Pranay: Absolutely. Boldness and commitment are what separate the winners.
Conclusion
The perspectives shared by Ulf Ewaldsson and Pranay Agrawal reveal a telecom industry standing at the edge of profound reinvention. Agentic AI is no longer just a tool for efficiency; it is quickly becoming the catalyst for redefining the very essence of connectivity. With its power, operators are poised to evolve from transactional service providers into trusted technology partners, enabling networks that are predictive, self-optimizing, and deeply attuned to the needs of both individuals and enterprises. In this new era, the true measure of leadership will be found in those who embrace transformation with both boldness and responsibility.

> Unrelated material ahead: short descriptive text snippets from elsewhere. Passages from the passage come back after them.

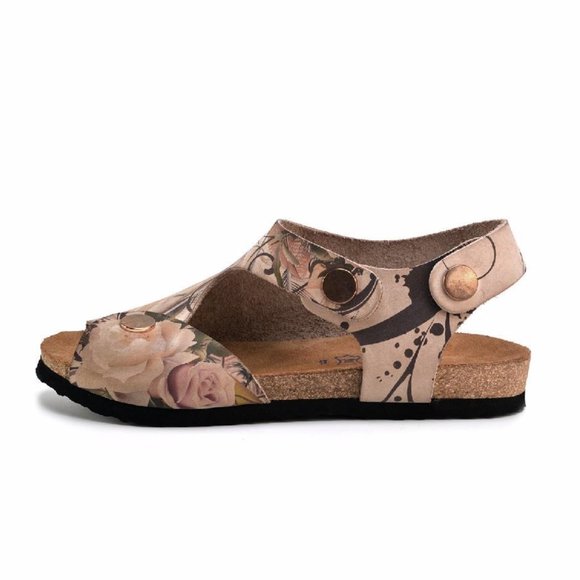 Goby Shoes - Genuine Leather Floral Strap Sandals - Picture 3 of 9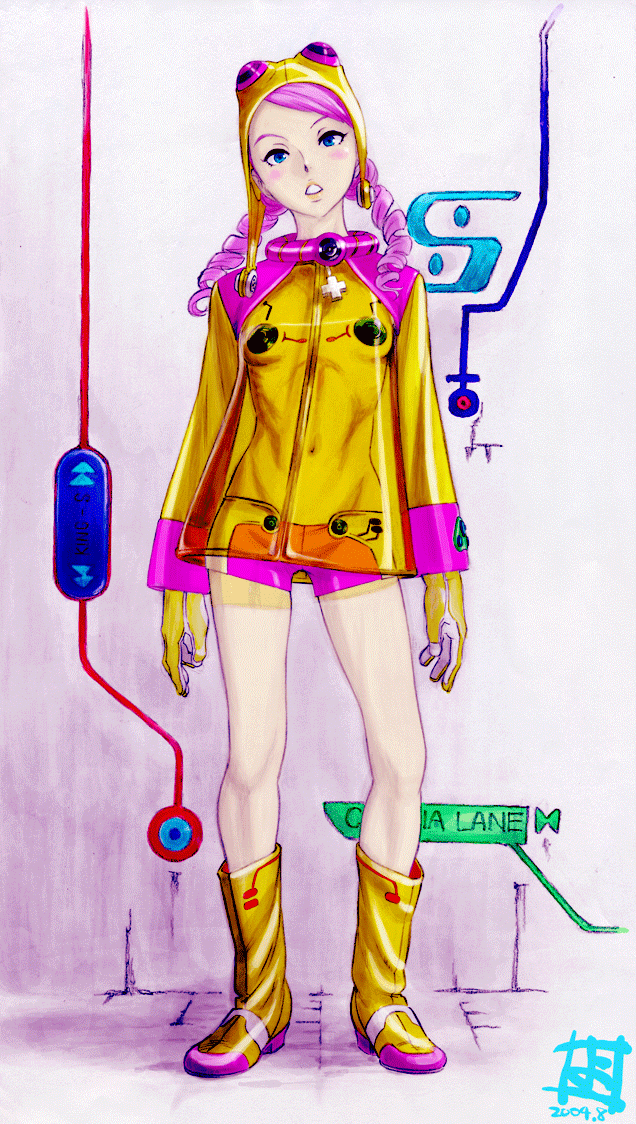 yoshida ken'ichi, cynthia lane, overman king gainer, 00s, boots, drill hair, flat chest, latex, pink hair, see-through clothes, solo, transparent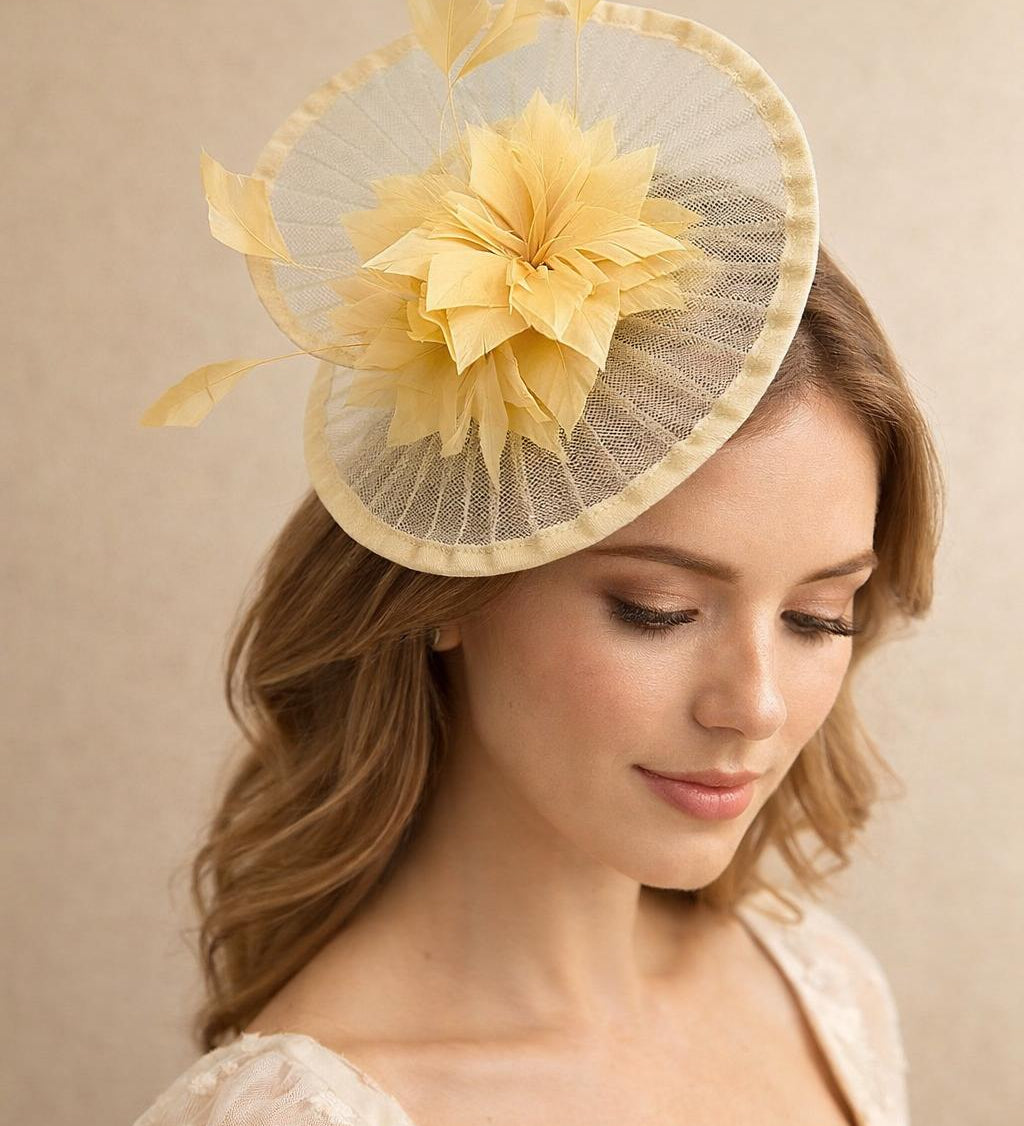 Spiral Circular Brim Fascinator with Feathers Burst in Beige - svnx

But this shift is about more than algorithms or infrastructure. It calls for visionary leadership, unwavering ethical foundations, and a workforce that speaks the language of AI with fluency and confidence. It means letting go of outdated models, nurturing new capabilities, and weaving transparency into every layer of decision-making. The organizations that pair daring innovation with thoughtful guardrails will define the future, one where networks are not silent backbones of society but intelligent collaborators that anticipate, adapt, and earn trust at scale.
In-Person

Ulf Ewaldsson is President of Technology at T-Mobile. He is responsible for the management and development of T-Mobile’s wireless network, the company’s information technology services and technology operations. Ulf joined the Un-Carrier in 2019 as the Executive Vice President and Chief Network Officer at T-Mobile to lead and transform the company’s 5G deployment, and oversee a nationwide team that builds, operates, and maintains the T-Mobile Network. Prior to joining T-Mobile, Ulf held several leadership positions at Ericsson, including Chief Technology Officer, Chief Strategy Officer, Head of Radio Business and Head of Business Area Digital Services.

Pranay Agrawal is the Chief Executive Officer of Fractal Analytics, a global leader in AI, engineering and design. With over 25 years in the sector, he co-founded Fractal in 2000, helped grow the company into a unicorn by 2022, and leads it as it works with 50+ of the Fortune 500, operating in sectors such as consumer goods, healthcare, finance, and insurance. Under his leadership Fractal has been widely recognized; for example, Fractal has earned “Great Place to Work” certifications globally, as well as industry recognition. Agrawal holds a Bachelor of Commerce from Bangalore University, an MBA from the Indian Institute of Management Ahmedabad, and is a recognized AI thought-leader. His strategic approach combines strategic consulting, platform design, AI and engineering with behavioral science to help organizations make faster, smarter and more human-centered decisions.